Text Embeddings (1/3) - Explanation
Introduction
This is “yet another explanation of text embeddings for beginners”.
Sometimes I have to explain potential clients the concept of text embeddings. That is why I have created this article.
This is the first of three articles on text embeddings for beginners:
- Text Embeddings (1/3): Explanation (you are here)
- Text Embeddings (2/3): Computation
- Text Embeddings (3/3): Conclusion
What is the Problem of Comparing Texts?
Almost anyone can easily compare texts. But when you need to process and compare many texts - you may want to use a machine for this task.
The task of comparing texts often arises in many areas. Just a few examples:
- You need to recognize user interests by studying the webpages, he visited. This is to find out if user might be interested in a certain product or services, for the task of online advertisement.
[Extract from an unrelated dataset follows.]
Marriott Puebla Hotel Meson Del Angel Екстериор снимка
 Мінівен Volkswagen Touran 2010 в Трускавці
- Given some user query you need to find relevant documents in your database. This is when you build a search tool over some knowledge base.
- You are building a recommendation system and need to compare descriptions of products or services (or movies). Using a vector representation simplified the task.
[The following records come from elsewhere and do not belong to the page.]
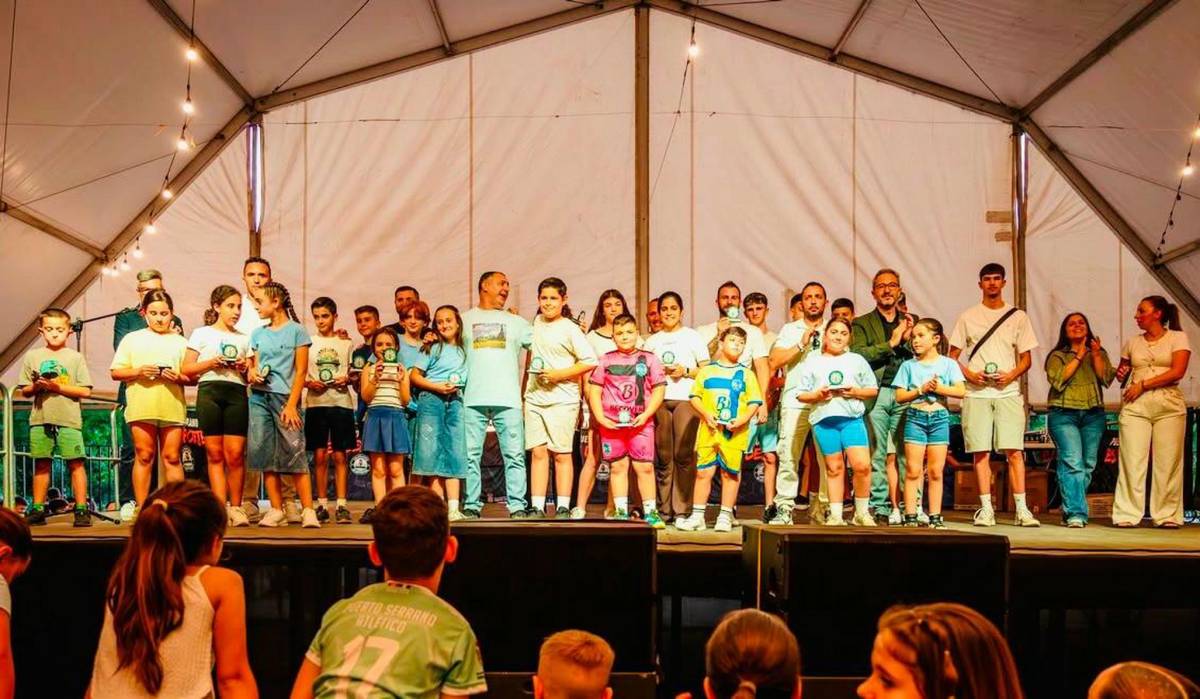 El deporte, historia viva de Puerto Serrano: una gala multitudinaria reconoce a 450 clubes, familias y deportistas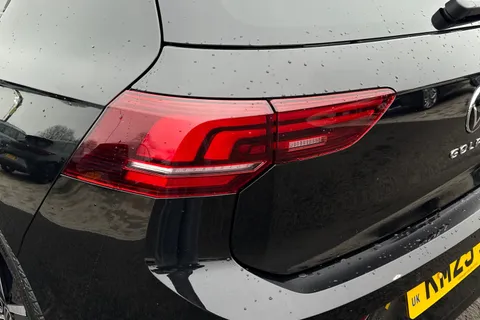 KM25SJO Volkswagen Golf 1.5 TSI 150 R-Line 5dr **18' LEEDS ALLOYS + AREA VIEW CAMERA** Thumbnail #9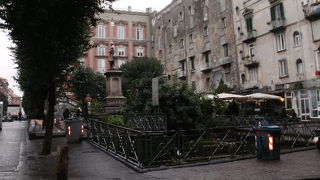 突然現れる遺跡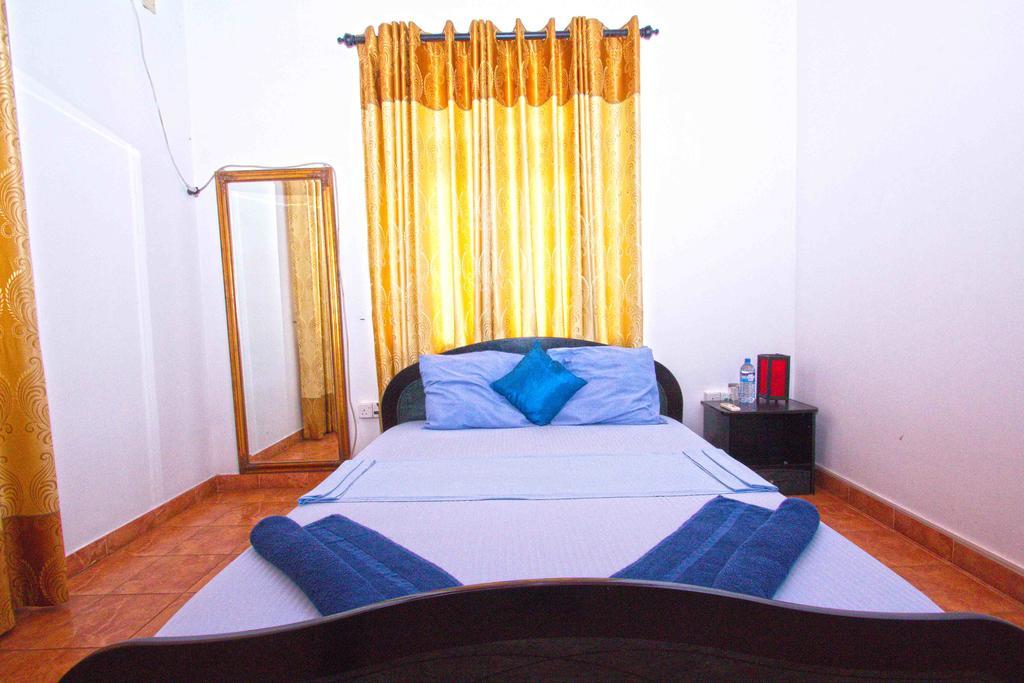 The Blue Beach Guesthouse Negombo Bagian luar foto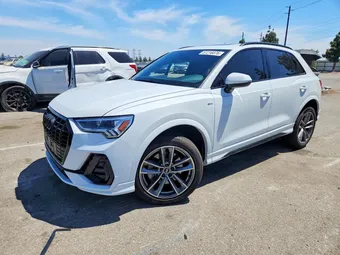 2023 Audi Q3 WA1EECF3XP1025609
Working with raw texts is not very practical if you need to process and compare them programmatically:
- They can be of arbitrary lengths.
- Words can have different meaning depending on the context.
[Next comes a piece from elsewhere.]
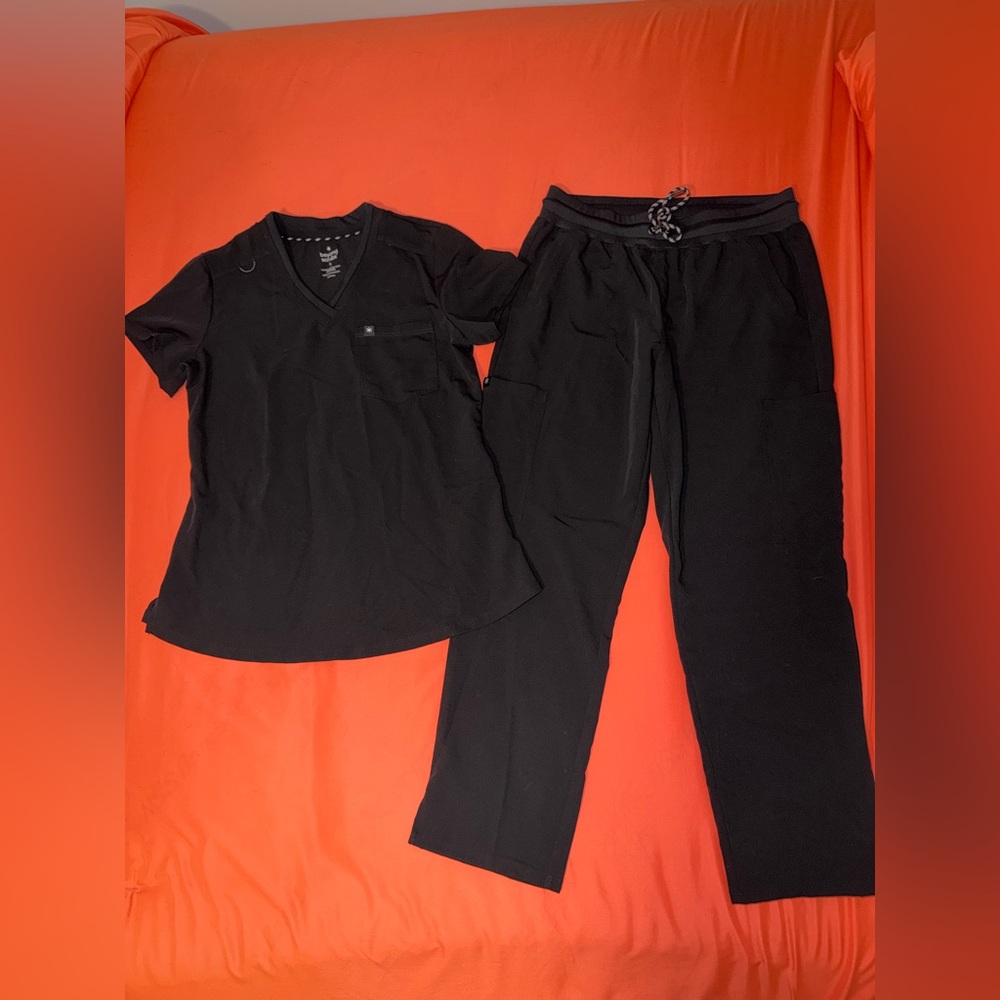 Black Women’s Scrub Set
- Two different phrases can mean the same.
From Text to Numbers
It would be great is we could represent a text with a number, because we can easily compare two numbers.
But a single number is not enough! Imagine, you need to assign a single number to a book. What meaning would you choose for it? A price? A rating?
A single number can not describe:
- Is it a fantasy, a science fiction, a romance book, …?
- What is the book’s rating among different categories of readers?
- How many characters are there?
- Is the ending of the book negative or positive?
- etc.
In order for machine to compare two books, for example, it may require you to describe them with quite a lot of numbers:
This is how we came up with the idea to assign a list of numbers to describe a text.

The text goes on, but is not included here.